Information supplied section start
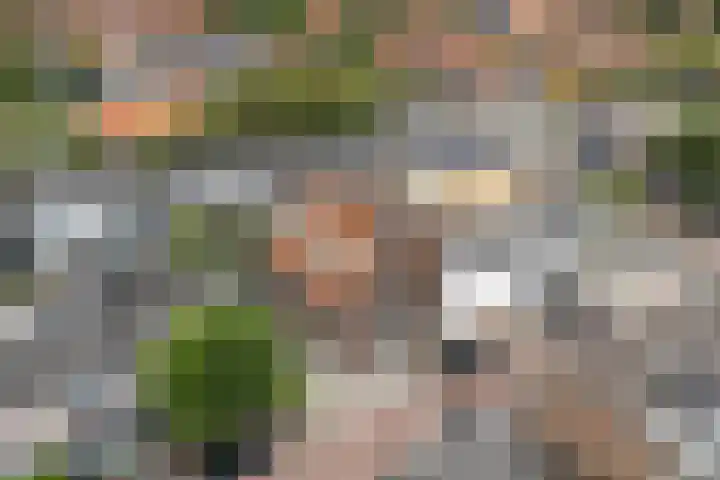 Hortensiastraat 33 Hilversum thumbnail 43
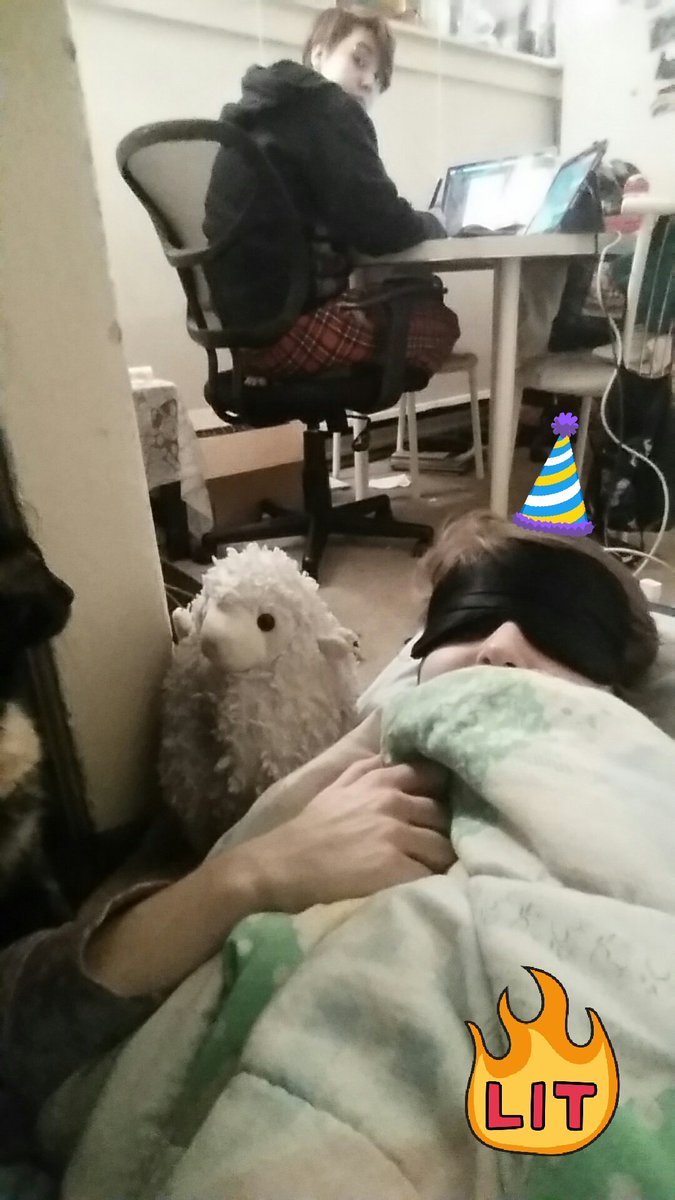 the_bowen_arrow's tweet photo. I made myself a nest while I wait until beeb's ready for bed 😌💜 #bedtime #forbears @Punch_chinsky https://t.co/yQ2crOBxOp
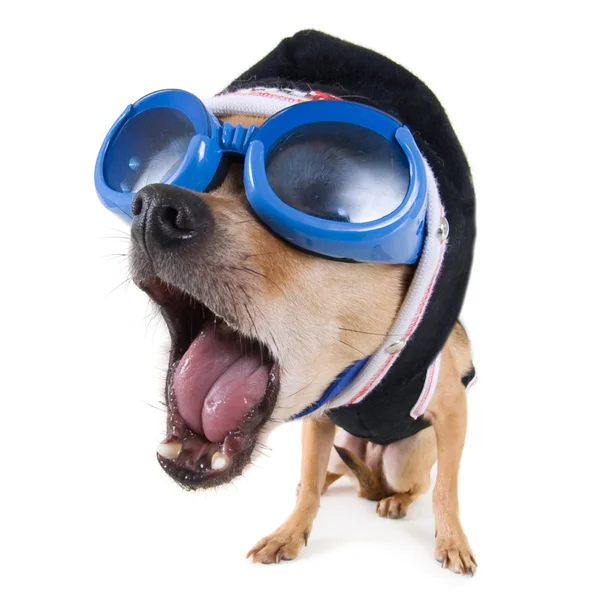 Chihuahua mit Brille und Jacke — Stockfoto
Information supplied section end
Information supplied section start
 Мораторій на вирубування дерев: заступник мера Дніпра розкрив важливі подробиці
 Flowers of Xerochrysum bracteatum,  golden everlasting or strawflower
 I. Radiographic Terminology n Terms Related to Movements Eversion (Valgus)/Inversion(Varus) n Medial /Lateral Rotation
Information supplied section end
Information supplied section start
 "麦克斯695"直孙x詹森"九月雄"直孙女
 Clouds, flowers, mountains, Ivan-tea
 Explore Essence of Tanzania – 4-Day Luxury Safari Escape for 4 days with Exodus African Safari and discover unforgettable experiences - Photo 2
Information supplied section end
■ Goal of the exercise: Take only the lines above from the one that has "Hortensiastraat 33 Hilversum thumbnail 43" through the one that has "Chihuahua mit Brille und Jacke — Stockfoto" and reproduce them exactly, omitting any pictures.

■ Exercise output:
 Hortensiastraat 33 Hilversum thumbnail 43
 the_bowen_arrow's tweet photo. I made myself a nest while I wait until beeb's ready for bed 😌💜 #bedtime #forbears @Punch_chinsky https://t.co/yQ2crOBxOp
 Chihuahua mit Brille und Jacke — Stockfoto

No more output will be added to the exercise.